One important factor to consider when looking into a private school is your student’s feelings about it.  Some students have a very positive experience at these private schools because they are in a place that feels safe and where others share their struggles. Some make their first friends at these schools.  However, other students feel that attending a school for students with learning disabilities is a comedown- an indicator that they are not as capable as other students who attend their local high school.  Students who feel this way may have their negative self-perceptions reinforced by attending a school outside of their district.  You need to gauge your student’s feelings as an important part of your decision-making process.  This is why it is important to take your child for a day visit to the school you’re considering.

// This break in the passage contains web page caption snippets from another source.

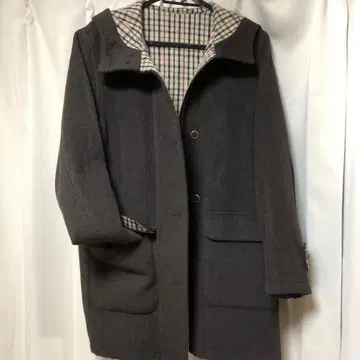 하자품 DAKS 후드 부착 다크 브라운 울 코트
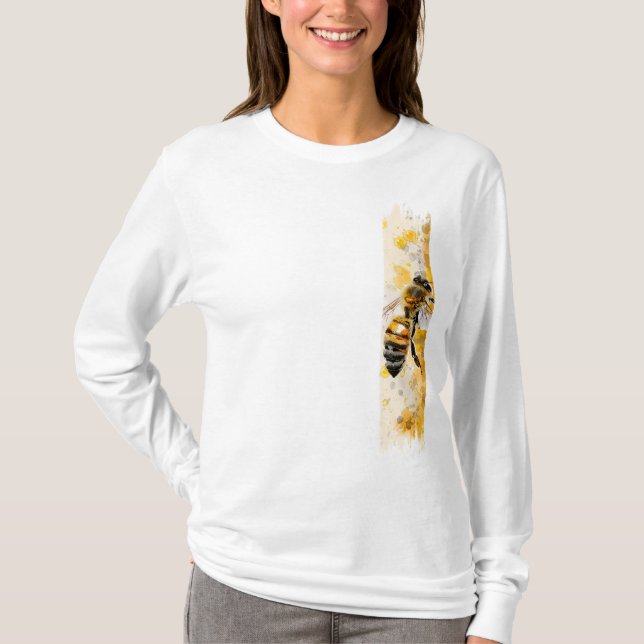 Vattenfärgshonungsbi Brushstroke-färg T Shirt (Framsida)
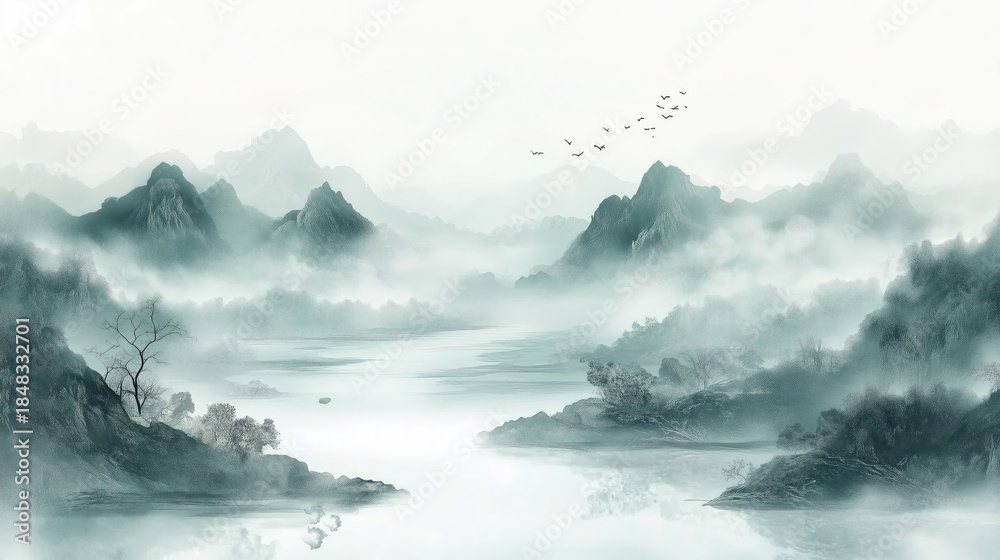 Obraz premium misty mountain landscape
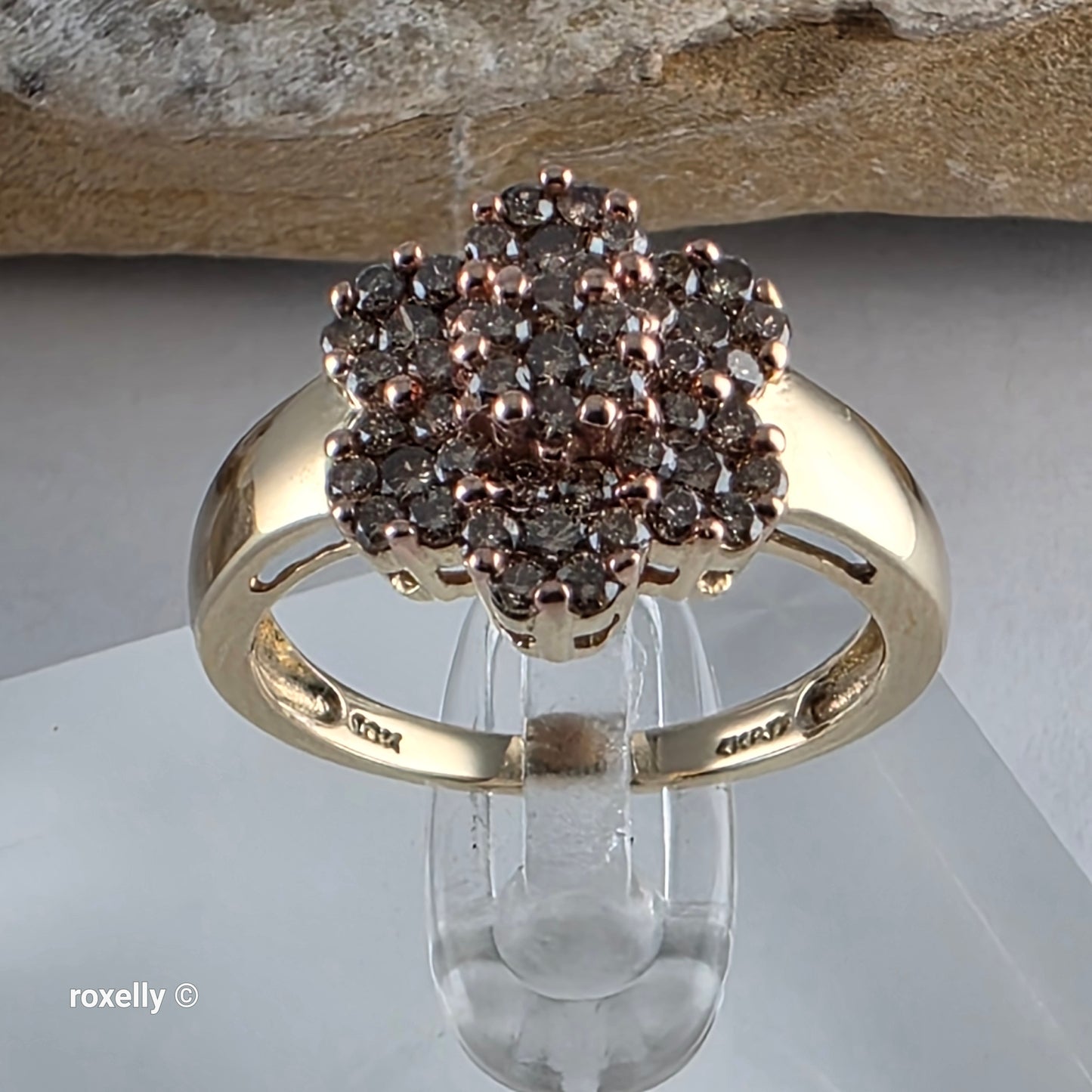 10K Yellow Gold Flower-Shaped Genuine Champagne Diamond Ring Size 8 - Solid Gold!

Whatever you decide to do in choosing a school for you student, make sure your student will get what you expect her/him to receive for the tuition you will be paying.  Don’t be afraid to ask questions- it’s your money and, more importantly, your student’s education.

Questions for schools:

  1. How many of your teachers are certified in special education?  What subjects do these people teach?
  2. Is this school accredited by the state?  If not, what do students have to do in order to earn a high school diploma?
  3. May I see a copy of the curriculum for the grade my student would be entering next year?
  4. How many of your teachers were new this year?  Last year?  The year before that?
  5. Which teachers would work with my student next year?  What classes do they teach, and in what subjects are they certified?